■ DIRECTIONS
The response should be an exact transcription of the data below, free of images.
MATERIAL TO PROCESS section start
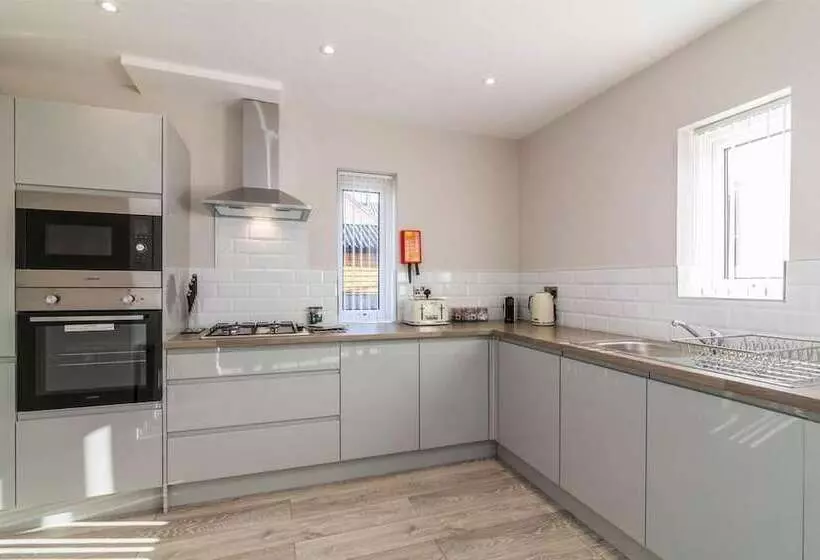 Hotelli Woodview House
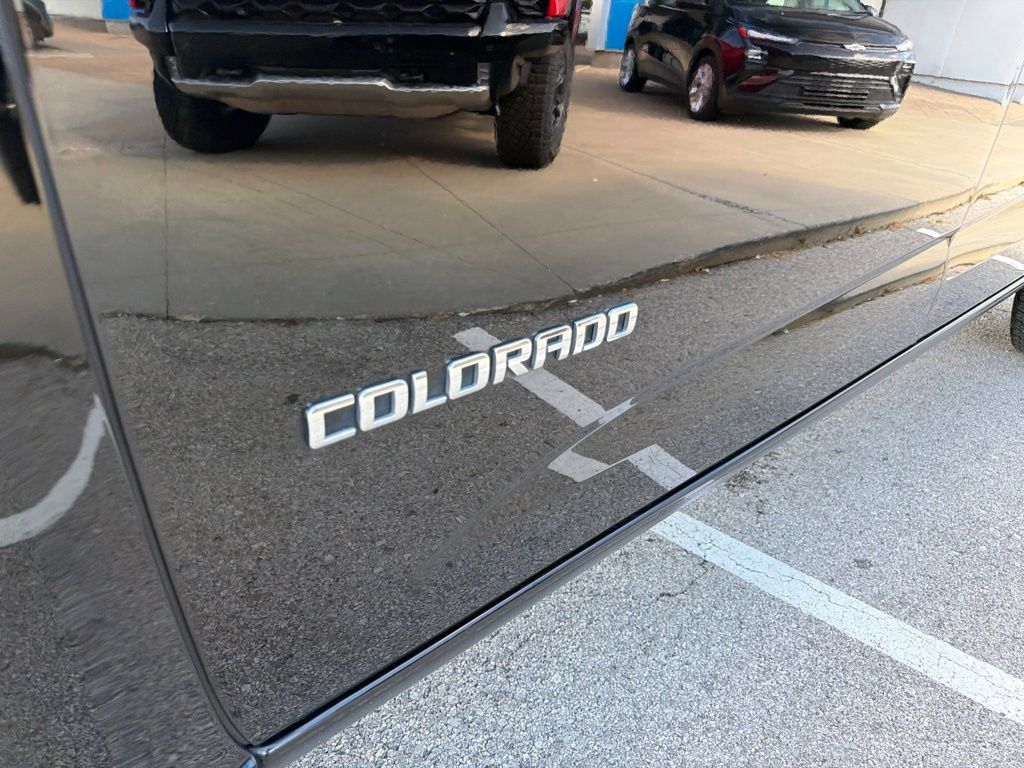 Used 2019 Chevrolet Colorado Z71 AWD/4WD image 10
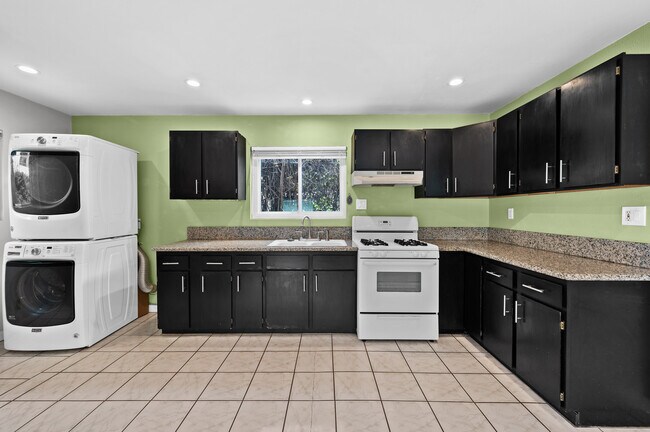 Building Photo - 939 S Ogden Dr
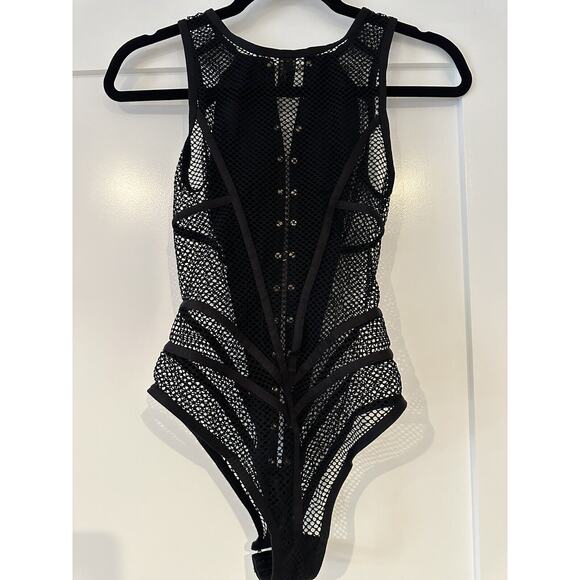 Honey Birdette TASH🖤 Black and Gold Fishnet Bodysuit XS - Picture 5 of 6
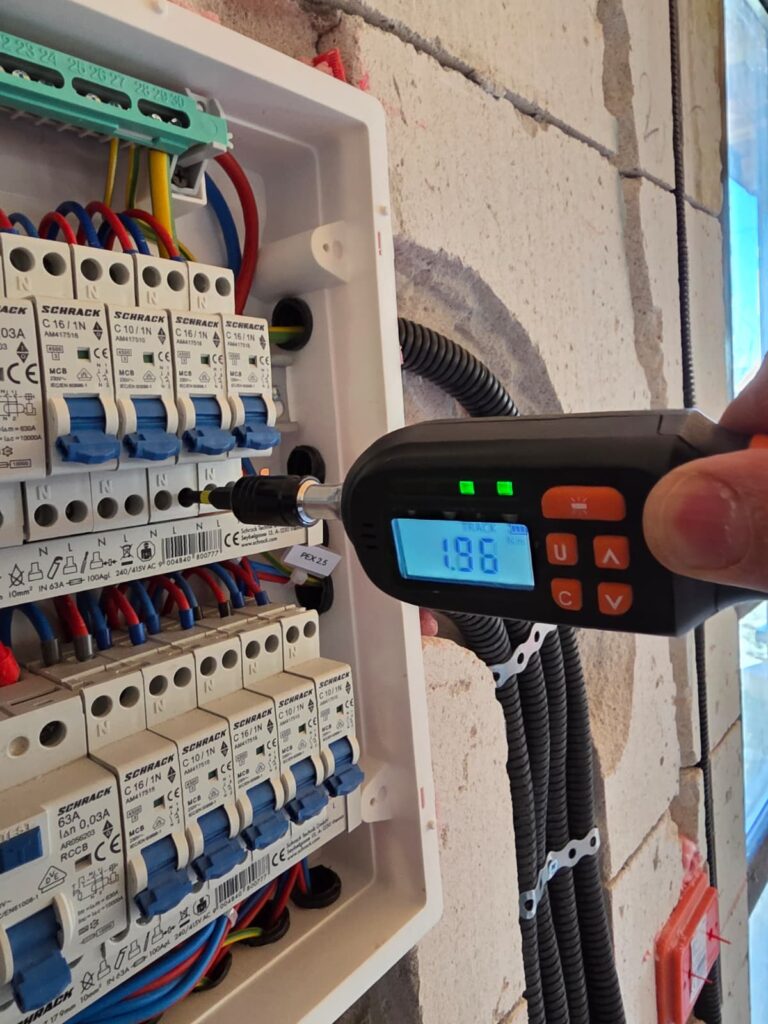 controlul cuplului de strângere la întrerupătoare în tabloul electric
MATERIAL TO PROCESS section end
■ RESULT OF THE EXERCISE
 Hotelli Woodview House
 Used 2019 Chevrolet Colorado Z71 AWD/4WD image 10
 Building Photo - 939 S Ogden Dr
 Honey Birdette TASH🖤 Black and Gold Fishnet Bodysuit XS - Picture 5 of 6
 controlul cuplului de strângere la întrerupătoare în tabloul electric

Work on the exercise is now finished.